Sometimes fruit juice isn't really fruit juice; it may have some fruit in it, but it may also just be glorified sugar water. Again, since labels don't differentiate between added and naturally occurring sugar, it may be hard to tell by the sugar grams alone. But you might suspect something is up with, for example, V8 Splash products, which ring in at the 18-grams-of-sugar range for an eight-ounce serving. (Four and a half teaspoons of sugar in a regular size glass of juice.) The smoking gun here is hidden in the ingredient list: the first two ingredients are water and high fructose corn syrup.

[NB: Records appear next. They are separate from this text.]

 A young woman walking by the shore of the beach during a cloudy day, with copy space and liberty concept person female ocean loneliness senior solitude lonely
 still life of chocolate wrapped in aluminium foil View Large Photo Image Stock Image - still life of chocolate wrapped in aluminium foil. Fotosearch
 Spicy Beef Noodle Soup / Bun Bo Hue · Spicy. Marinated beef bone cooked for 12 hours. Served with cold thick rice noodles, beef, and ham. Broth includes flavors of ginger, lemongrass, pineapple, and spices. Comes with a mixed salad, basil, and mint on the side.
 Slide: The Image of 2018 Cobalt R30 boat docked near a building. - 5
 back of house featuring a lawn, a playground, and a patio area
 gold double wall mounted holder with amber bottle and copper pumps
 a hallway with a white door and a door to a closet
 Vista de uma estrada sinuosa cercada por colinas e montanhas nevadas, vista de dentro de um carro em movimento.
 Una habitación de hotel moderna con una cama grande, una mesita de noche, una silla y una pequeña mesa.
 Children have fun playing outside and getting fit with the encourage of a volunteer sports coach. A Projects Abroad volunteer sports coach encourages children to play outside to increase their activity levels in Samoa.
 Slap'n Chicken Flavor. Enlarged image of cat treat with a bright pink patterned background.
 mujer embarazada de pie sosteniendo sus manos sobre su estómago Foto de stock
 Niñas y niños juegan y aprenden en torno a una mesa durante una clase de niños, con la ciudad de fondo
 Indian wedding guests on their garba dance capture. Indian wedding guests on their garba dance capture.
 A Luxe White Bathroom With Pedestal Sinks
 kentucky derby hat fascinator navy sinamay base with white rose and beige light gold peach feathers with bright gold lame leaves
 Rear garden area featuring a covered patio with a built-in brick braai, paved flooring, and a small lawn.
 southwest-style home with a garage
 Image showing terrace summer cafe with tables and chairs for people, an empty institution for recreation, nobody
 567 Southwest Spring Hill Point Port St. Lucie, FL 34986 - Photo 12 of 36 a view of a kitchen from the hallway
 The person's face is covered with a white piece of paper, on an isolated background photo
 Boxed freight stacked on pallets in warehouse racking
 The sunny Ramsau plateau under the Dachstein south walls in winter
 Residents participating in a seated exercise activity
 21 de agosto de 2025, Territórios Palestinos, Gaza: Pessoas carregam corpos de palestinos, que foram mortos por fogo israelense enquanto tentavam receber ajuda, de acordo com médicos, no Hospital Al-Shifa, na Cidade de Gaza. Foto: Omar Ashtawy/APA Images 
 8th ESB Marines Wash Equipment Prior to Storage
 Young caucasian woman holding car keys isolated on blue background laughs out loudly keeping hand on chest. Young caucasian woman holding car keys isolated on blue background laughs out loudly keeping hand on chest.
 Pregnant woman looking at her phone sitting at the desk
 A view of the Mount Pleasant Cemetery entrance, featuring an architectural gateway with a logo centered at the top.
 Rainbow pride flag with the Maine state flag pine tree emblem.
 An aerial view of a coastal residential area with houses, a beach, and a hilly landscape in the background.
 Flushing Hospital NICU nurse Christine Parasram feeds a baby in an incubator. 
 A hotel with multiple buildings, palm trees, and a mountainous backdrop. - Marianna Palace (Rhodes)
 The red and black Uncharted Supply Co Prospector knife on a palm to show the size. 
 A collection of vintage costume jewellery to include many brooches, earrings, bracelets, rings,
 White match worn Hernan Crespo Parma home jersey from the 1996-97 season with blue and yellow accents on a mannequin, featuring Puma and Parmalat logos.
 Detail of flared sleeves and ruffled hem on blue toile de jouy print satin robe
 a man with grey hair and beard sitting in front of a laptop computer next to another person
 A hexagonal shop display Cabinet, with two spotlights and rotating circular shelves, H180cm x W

6. Grown-up breakfast cereal

Anyone with properly functioning neurons might deduce that a children's breakfast cereal – let's say, one that offers a rainbow of neon-colored loops and "fruity shaped marshmallows" (that's almost as good as fruit, right?) – is fairly loaded with sugar. But some adult breakfast cereals are not much better; they may come in sedate boxes and be lacking in candy-colored hues, but don't be fooled. Some of the leading brands that emanate health in their packaging contain at least 17 grams of sugar in one serving.

7. Vitamin drinks

Water infused with vitamins and antioxidants sounds like a good idea, but it seems that water infused with vitamins and antioxidants and eight teaspoons of sugar is an easier sell. Popular brands of vitamin and antioxidant water regularly deliver up to 32 grams of sugar in a 20-ounce bottle. While that's less sugar than is found in most sodas, it's still eight teaspoons of sugar in your "healthy" drink.

8. Muffins

Somewhere along the road, muffins swerved out of control and went from being responsible, bran-and-fruit packed snacks into cupcakes for grown ups. They may not have frosting and sprinkles, but other than that there may be little difference. For instance, let's say you were to find yourself at a Dunkin Donuts and decided to opt for the healthier choice of a muffin over a donut. You might have a sneaking suspicion that the Coffee Cake muffin is really just coffee cake in a cup shape; and with its 51 grams of sugar — almost 13 teaspoons worth — you'd be correct. But would you suspect that the freshly baked Honey Bran Raisin muffin weighs in at 40 grams of sugar? 10 teaspoons? Three glazed donuts have one teaspoon less sugar than the Honey Bran Raisin muffin.